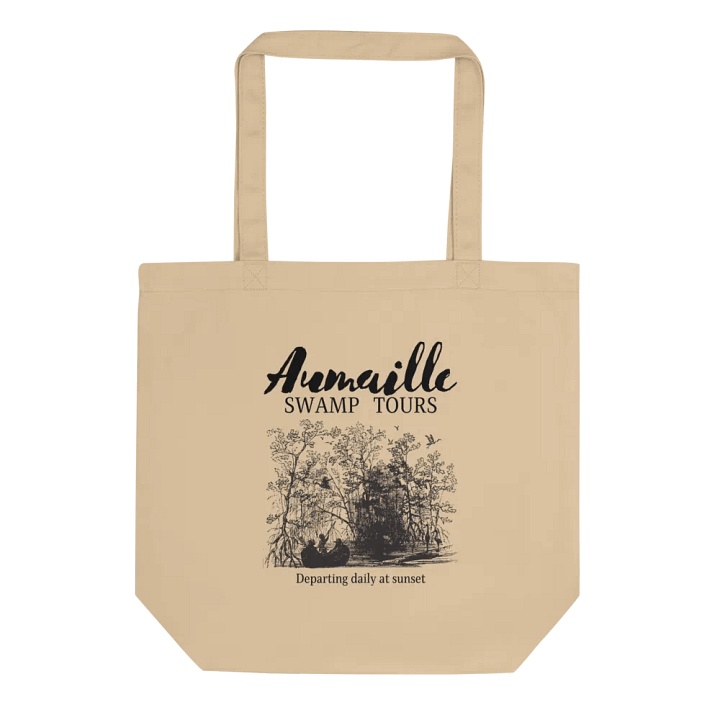 Swamp Tour Organic Cotton Tote Bag product image (1)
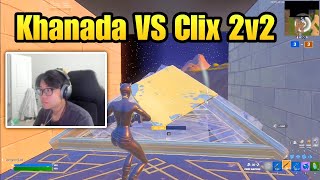 Khanada VS Clix 2v2 [upl. by Hollenbeck]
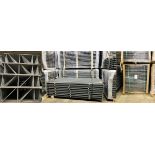 5 BAYS OF 8'H X 36"D X 96"L KEYSTONE STYLE PALLET RACKS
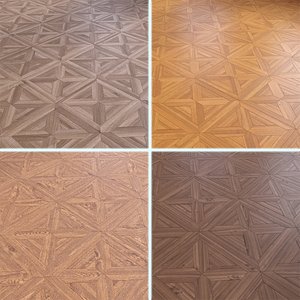 Parquet - Laminate - Wooden floor 4 in 1 3D model
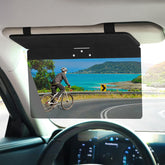 NAZZO Sun Visor Extender front view blocks glare for clearer daytime visibility.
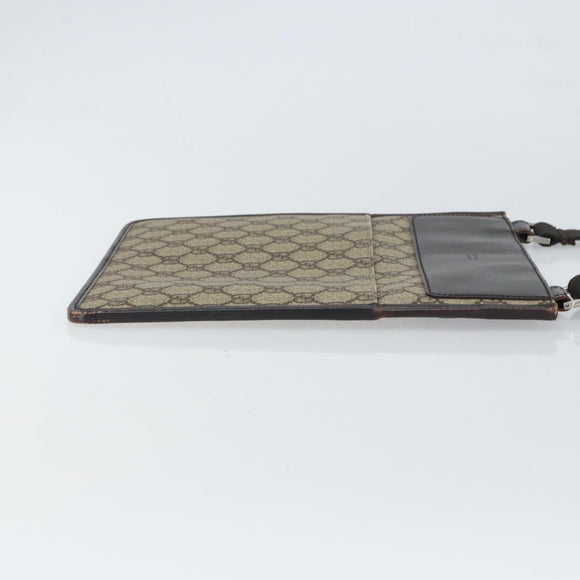 GUCCI GG Canvas Shoulder Bag Beige 27639 Auth SW2066A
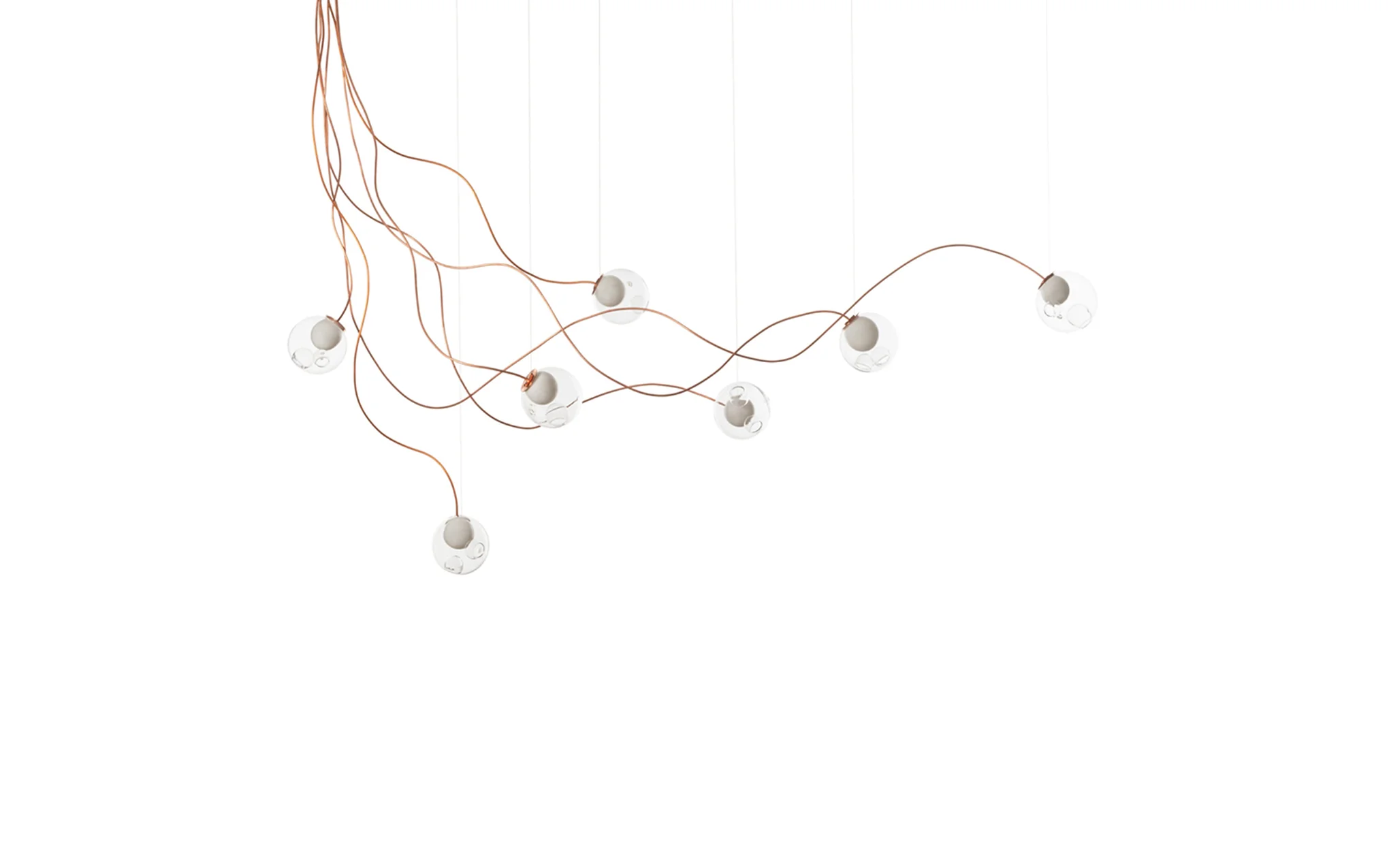 28 Copper chandelier - sculptural cable - Image 5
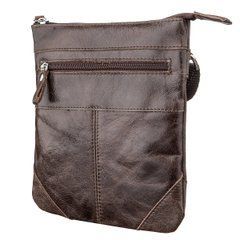 Leather Bag SHVIGEL 11136 Made in Ukraine Brown Genuine Leather Fashion Accessory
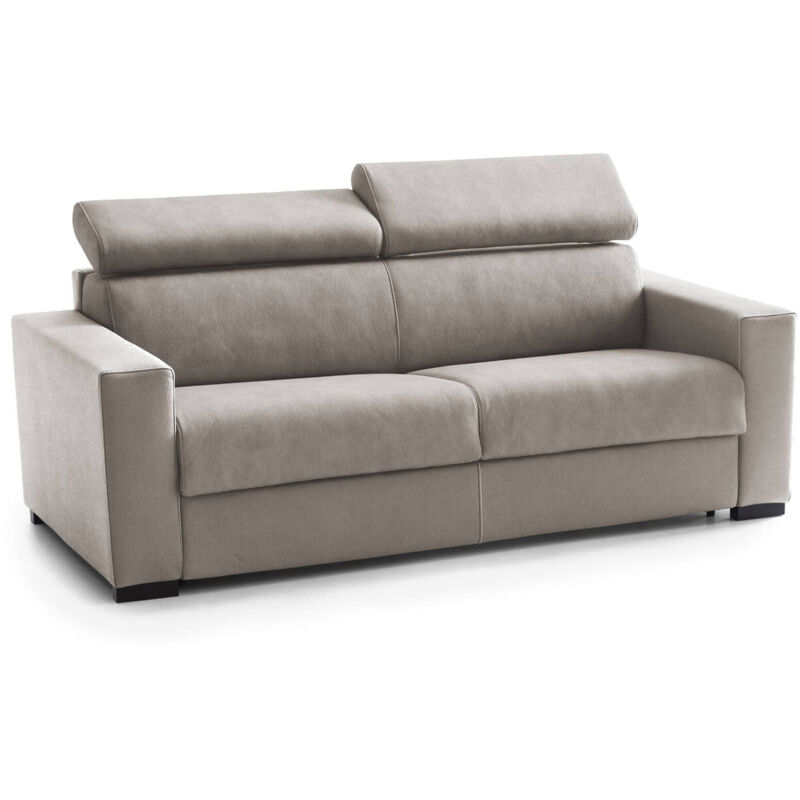foto del prodotto talamo italia divano letto aida, divano a 2 posti large, 100 made in italy, sof soggiorno con apertura girevole, con poggiatesta regolabili e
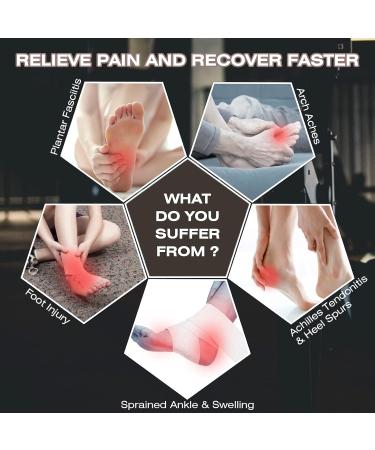 Bella Sports Ankle Bandage for Men & Women - Alleviate Heel Spur Plantar Fasciitis & Foot Pain | Compression Socks for Fitness | L/XL EU38-41 Black & Gray - Buy Online on GoSupps.com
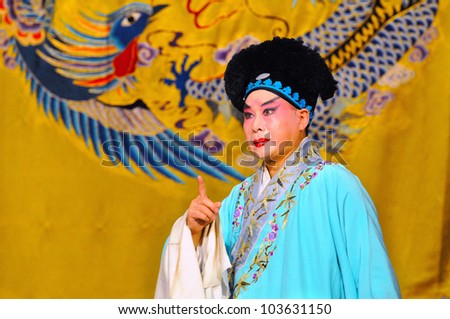 BEIJING - MAY 7: Actors of the Beijing Opera Troupe perform the famous story \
= = = = =
Beginning with the line above that has "NAZZO Sun Visor" and going on through the line that has "Leather Bag SHVIGEL", retype every line exactly and add nothing else; drop the pictures.

* WRITTEN SOLUTION:
 NAZZO Sun Visor Extender front view blocks glare for clearer daytime visibility.
 GUCCI GG Canvas Shoulder Bag Beige 27639 Auth SW2066A
 28 Copper chandelier - sculptural cable - Image 5
 Leather Bag SHVIGEL 11136 Made in Ukraine Brown Genuine Leather Fashion Accessory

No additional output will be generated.